This is the ordering experience at L’Entrecôte in Paris, France. No, the waitresses are not telepathic; there’s just only one thing on the menu: salad, fries, and steak, cooked any way you like. And you want it rare.

This is an amazing steak. L’Entrecôte doesn’t take reservations because they know they don’t have to: by 7:30, the restaurant is full; obscenely early for a Paris diner. After the table has “ordered,” the waitresses bring by huge serving bowls of salad, simple greens, simply dressed. Quite delicious, but it doesn’t hold a candle to what you are about to experience.

The steak is always cooked to perfection, the fries are crisp and flavourful, but the real goodness? The sauce.

Lucky me, my mother fell in love with it too, and after a lot of experimentation on us, her guinea pigs, she figured it out, as she always does.

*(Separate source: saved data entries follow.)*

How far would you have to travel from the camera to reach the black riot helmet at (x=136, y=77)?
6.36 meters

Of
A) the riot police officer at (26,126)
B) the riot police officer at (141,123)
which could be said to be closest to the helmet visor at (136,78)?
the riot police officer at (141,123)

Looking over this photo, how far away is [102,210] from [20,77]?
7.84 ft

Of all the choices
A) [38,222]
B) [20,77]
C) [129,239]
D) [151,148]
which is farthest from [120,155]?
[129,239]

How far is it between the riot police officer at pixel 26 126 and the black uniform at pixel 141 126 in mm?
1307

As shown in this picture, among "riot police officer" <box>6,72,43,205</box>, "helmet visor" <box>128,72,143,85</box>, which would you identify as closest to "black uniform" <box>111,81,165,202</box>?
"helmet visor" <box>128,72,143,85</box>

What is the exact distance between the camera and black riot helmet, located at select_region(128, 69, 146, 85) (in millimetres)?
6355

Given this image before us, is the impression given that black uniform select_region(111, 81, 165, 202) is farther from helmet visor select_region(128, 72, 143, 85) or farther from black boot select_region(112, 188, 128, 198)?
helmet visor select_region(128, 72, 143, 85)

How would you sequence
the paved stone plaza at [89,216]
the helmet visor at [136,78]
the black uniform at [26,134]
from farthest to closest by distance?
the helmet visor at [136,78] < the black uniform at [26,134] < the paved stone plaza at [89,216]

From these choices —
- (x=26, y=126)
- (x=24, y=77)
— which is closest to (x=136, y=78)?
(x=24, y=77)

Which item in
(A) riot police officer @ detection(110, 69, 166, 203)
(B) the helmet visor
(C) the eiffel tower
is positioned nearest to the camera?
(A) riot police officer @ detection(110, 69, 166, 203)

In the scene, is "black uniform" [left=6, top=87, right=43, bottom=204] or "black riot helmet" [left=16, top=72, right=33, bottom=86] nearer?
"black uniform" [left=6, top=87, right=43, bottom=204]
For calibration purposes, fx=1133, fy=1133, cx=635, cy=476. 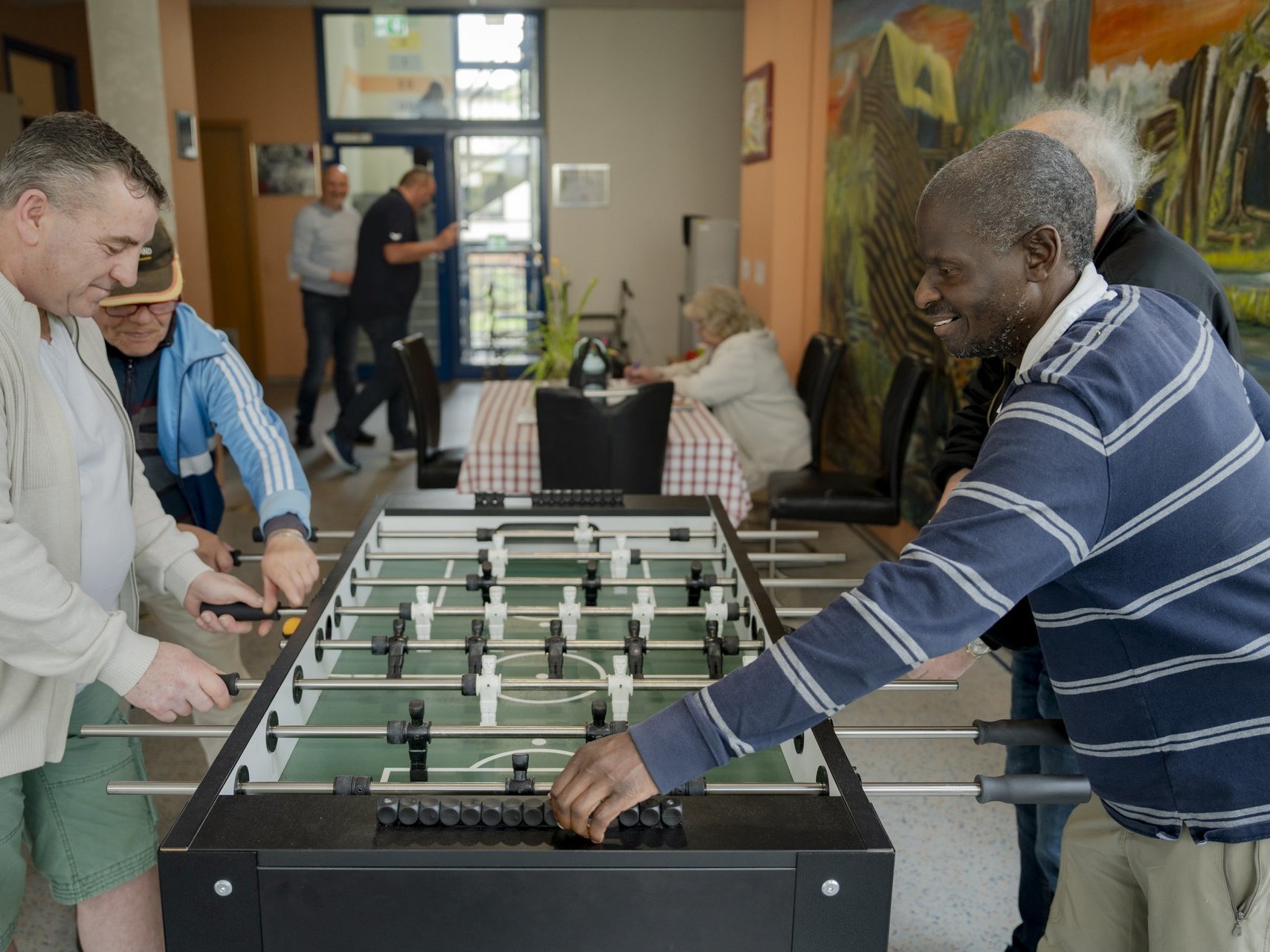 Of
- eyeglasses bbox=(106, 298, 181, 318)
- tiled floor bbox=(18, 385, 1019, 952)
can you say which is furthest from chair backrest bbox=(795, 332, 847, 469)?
eyeglasses bbox=(106, 298, 181, 318)

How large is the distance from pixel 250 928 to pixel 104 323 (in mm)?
1552

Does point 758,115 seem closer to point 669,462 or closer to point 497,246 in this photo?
point 669,462

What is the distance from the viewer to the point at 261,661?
3820mm

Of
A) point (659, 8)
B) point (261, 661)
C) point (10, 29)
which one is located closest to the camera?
point (261, 661)

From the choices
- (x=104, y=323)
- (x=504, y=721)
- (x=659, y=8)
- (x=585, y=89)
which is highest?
(x=659, y=8)

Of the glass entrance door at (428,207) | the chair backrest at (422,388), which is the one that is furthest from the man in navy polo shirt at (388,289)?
the glass entrance door at (428,207)

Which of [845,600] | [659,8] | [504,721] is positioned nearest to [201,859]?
[504,721]

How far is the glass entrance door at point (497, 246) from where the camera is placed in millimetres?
9859

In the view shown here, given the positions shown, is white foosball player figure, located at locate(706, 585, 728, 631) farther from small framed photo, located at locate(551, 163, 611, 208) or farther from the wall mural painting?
small framed photo, located at locate(551, 163, 611, 208)

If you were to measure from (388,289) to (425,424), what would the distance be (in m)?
2.32

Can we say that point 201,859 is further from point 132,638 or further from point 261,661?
point 261,661

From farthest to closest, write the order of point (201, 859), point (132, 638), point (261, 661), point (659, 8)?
1. point (659, 8)
2. point (261, 661)
3. point (132, 638)
4. point (201, 859)

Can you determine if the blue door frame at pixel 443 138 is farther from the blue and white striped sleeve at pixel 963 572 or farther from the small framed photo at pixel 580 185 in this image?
the blue and white striped sleeve at pixel 963 572

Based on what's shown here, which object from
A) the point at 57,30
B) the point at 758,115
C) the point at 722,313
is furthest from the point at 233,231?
the point at 722,313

And now I’m here to share it with you! Don’t be taken aback by the pinkish hue… it’s amazing. We have yet to figure out how the Parisians acheive a more muted color… I’m convinced that it has to do with fresh tarragon. At any rate, it tastes the same, and if I close my eyes, I feel like I’m back in Paris.

L’Entrecôte Steak

Season a room-temperature steak liberally with salt and pepper. Heat olive oil in a frying pan until almost smoking, and then add the steak. Cook until desired doneness is acheived (ahem. rare). Remove steak and keep warm. Add a tablespoon of Tarragon Dijon Mustard. Whisk in a quarter cup (approximately) of good, dry red wine. Return the steak to the pan and coat both sides with sauce. Serve with extra sauce on the side.

Naturally, this can be doubled, tripled, quadrupled… it’s worth it. It’s best served with fries, but if you’re feeling lazy, as I was, some toast rubbed with garlic and olive oil will do nicely.